32
votes

Originally I believed the overhead to a context-switch was the TLB being flushed. However I just saw on wikipedia:

http://en.wikipedia.org/wiki/Translation_lookaside_buffer

In 2008, both Intel (Nehalem)[18] and AMD (SVM)[19] have introduced tags as part of the TLB entry and dedicated hardware that checks the tag during lookup. Even though these are not fully exploited, it is envisioned that in the future, these tags will identify the address space to which every TLB entry belongs. Thus a context switch will not result in the flushing of the TLB – but just changing the tag of the current address space to the tag of the address space of the new task.

Does the above confirm for newer Intel CPUs the TLB doesn't get flushed on context switches?

Does this mean there is no real overhead now in a context-switch?

(I am trying to understand the performance penalty of a context-switch)

4
TLB effects are only one part of the equation of the overhead of context switching. The overhead can never be completely eliminated, but changes in architecture like the above quote can help mitigate the overhead. There is no one answer to what that overhead is, because it depends highly on the hardware you have, the exact version of the operating system you have, the configured options in the kernel, the compiler and optimization levels used to build the kernel, and quite a few other things...twalberg
@twalberg would you be able to give some very high-level examples regarding operating system/kernel overhead?user997112
Your best bet is to probably pick the OS you're interested in (e.g. Linux), and look at the source code for the bits involved in context switching, including at least 1) the scheduling decision (what runs next?), 2) what adjustments to VM, TLB and other cache structures need to be made to switch, 3) what data needs to be saved / loaded (registers, floating point state, etc.), 4) does any of the above need to be broadcast to other CPUs (e.g. TLB shootdowns, etc.)... It's not exactly a simple topic...twalberg
Also, after a context switch, the new process will quite likely run with a very cold processor cache.

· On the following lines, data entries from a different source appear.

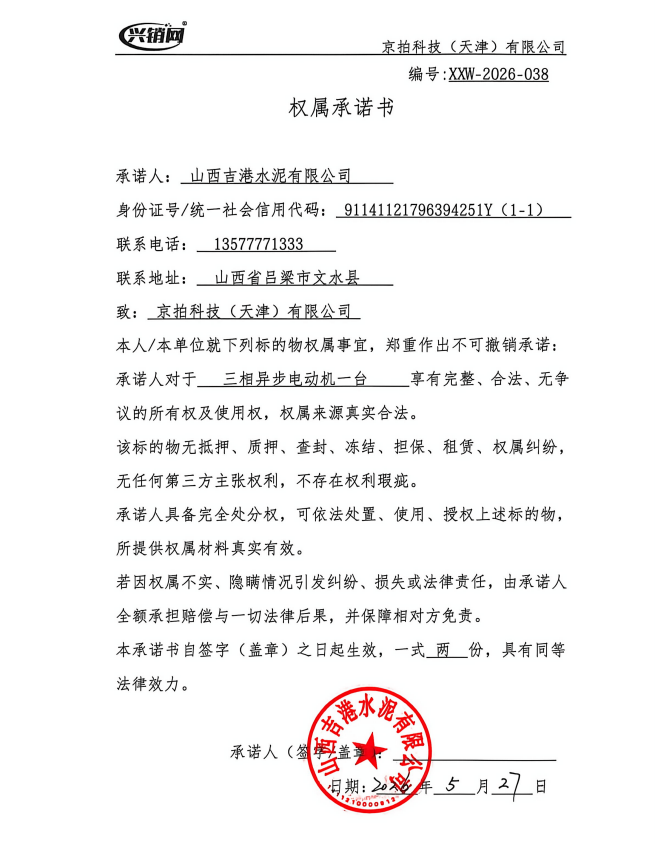https://biao-img.oss-cn-beijing.aliyuncs.com/biaodiimg/17798654916a16979367d43.png
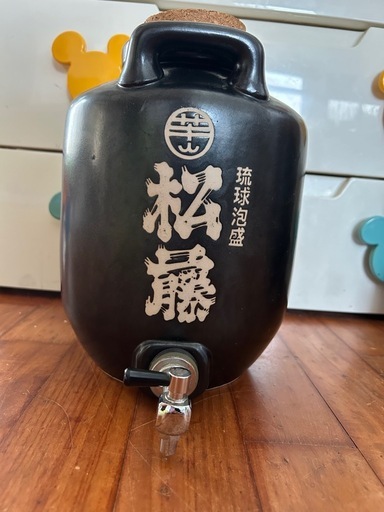 松藤　お酒用 樽 ミニ樽 ウイスキー 焼酎 熟成 インテリア 小型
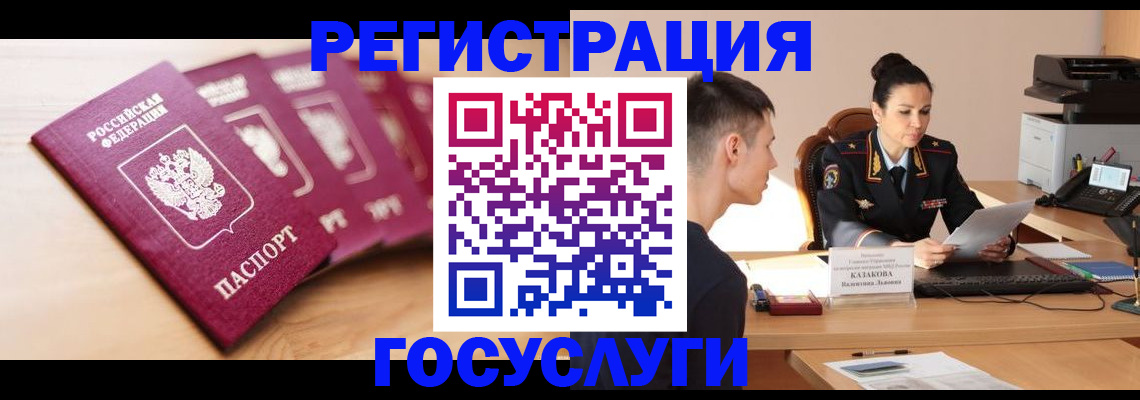 форма 3 в Жирновске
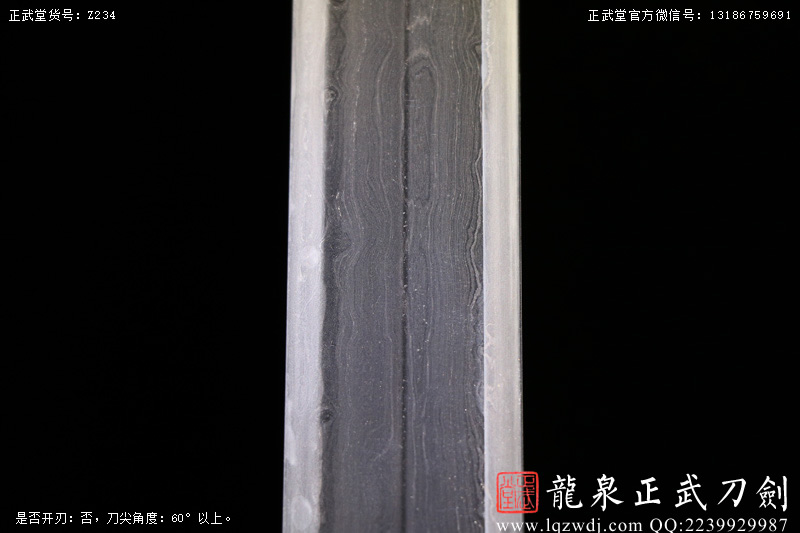 周正武龍泉寶劍專賣店,周正武龍泉劍價格,正武堂官網,龍泉刀劍官網,龍泉劍周正武,正武刀劍,龍泉正武刀劍官網,龍泉正武刀劍,龍泉劍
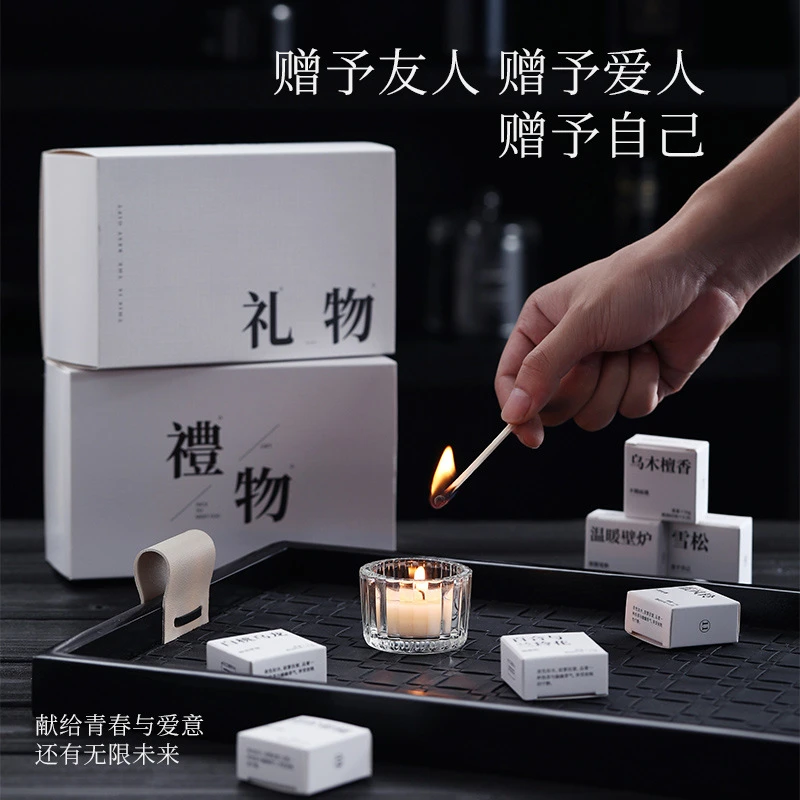 香里藏诗礼盒装香薰蜡烛高级感装饰用品氛围感摆件生日蜡烛伴手礼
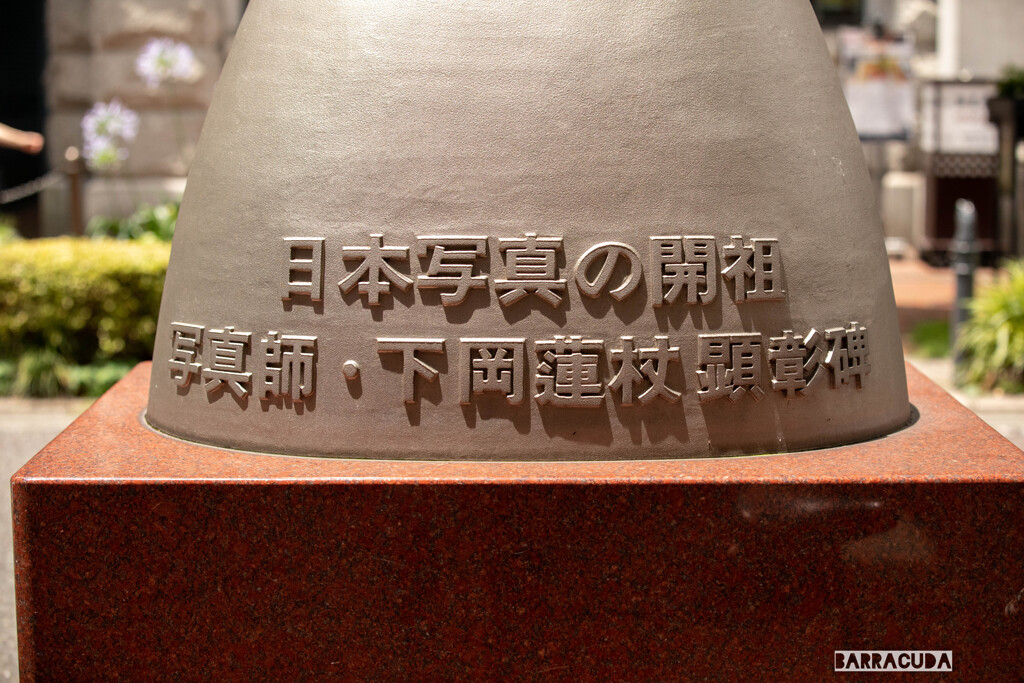 丘公園から馬車道へ④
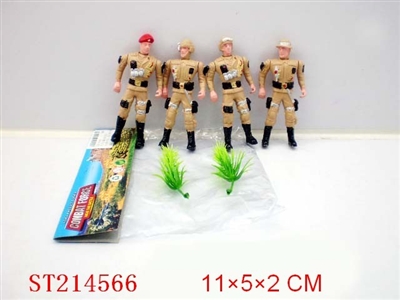 MILITARY SET(4 PCS) - ST214566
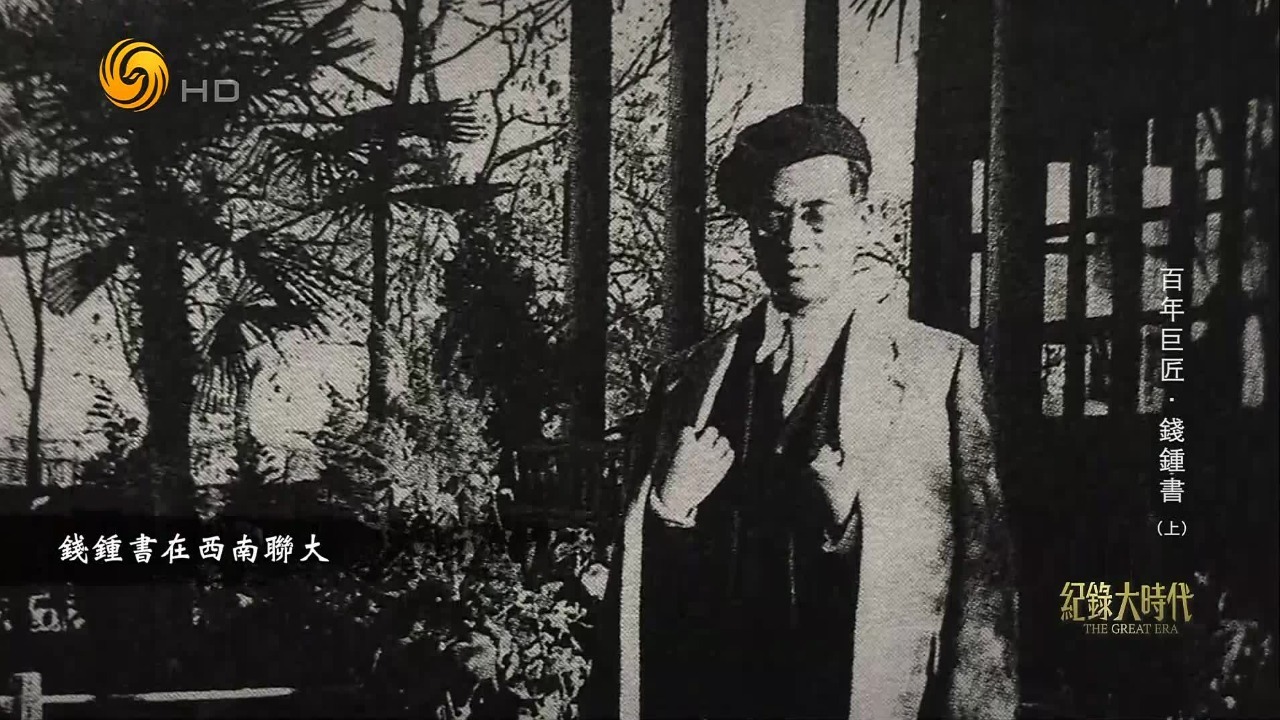 钱钟书带着报国之心回国任教，一到西南联大，28岁的他就被破格聘用为教授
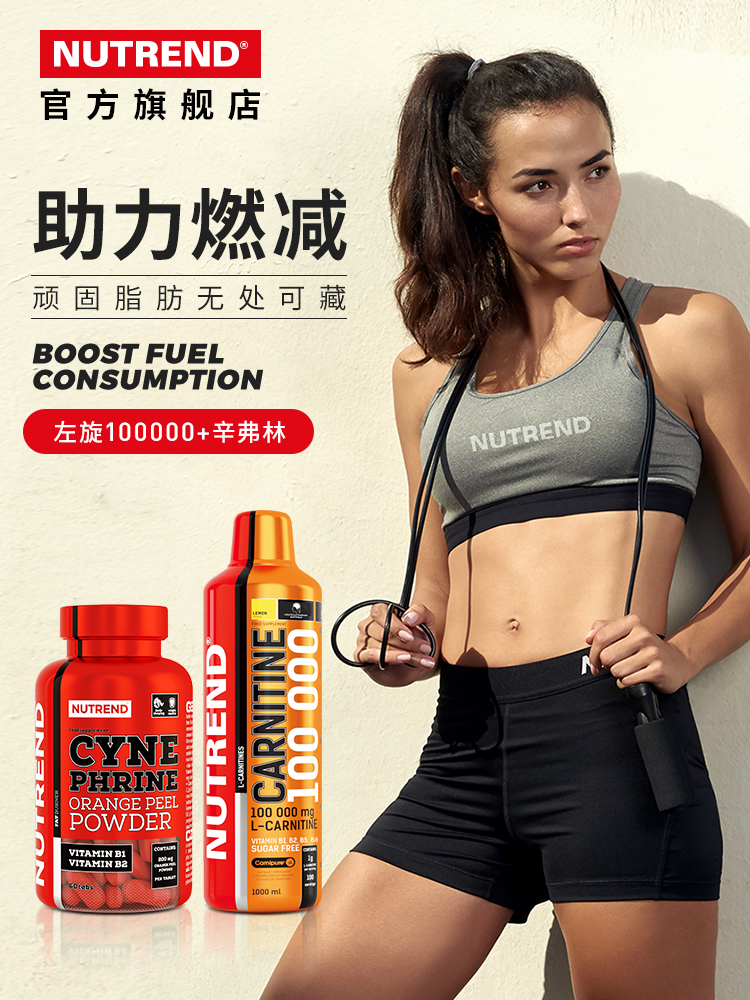 诺特兰德旗舰店诺特兰德左旋肉碱100000辛弗林左旋十万健身胶囊左旋10万突破瓶颈1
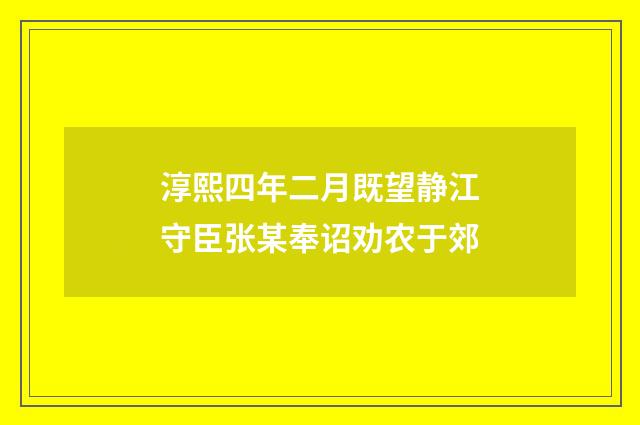 淳熙四年二月既望静江守臣张某奉诏劝农于郊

That alone can easily dwarf the cost of a cold TLB.cmaster - reinstate monica
Seeing how the TLB is tiny (16 on Core2, 64 on Core i7), this likely isn't much of an improvement anyway. If another process only touches a few dozen kilobytes of memory during its time quantum, your TLB is completely gone either way, tagged or not.Damon

4 Answers

22
votes

As wikipedia knows in its Context switch article, "context switch is the process of storing and restoring the state (context) of a process so that execution can be resumed from the same point at a later time.". I'll assume context switch between two processes of the same OS, not the user/kernel mode transition (syscall) which is much faster and needs no TLB flush.

So, there is lot of time needed for OS kernel to save execution state (all, really all, registers; and many special control structures) of current running process to memory, and then load execution state of other process (read in from memory). TLB flush, if needed, will add some time to the switch, but it is only small part of total overhead.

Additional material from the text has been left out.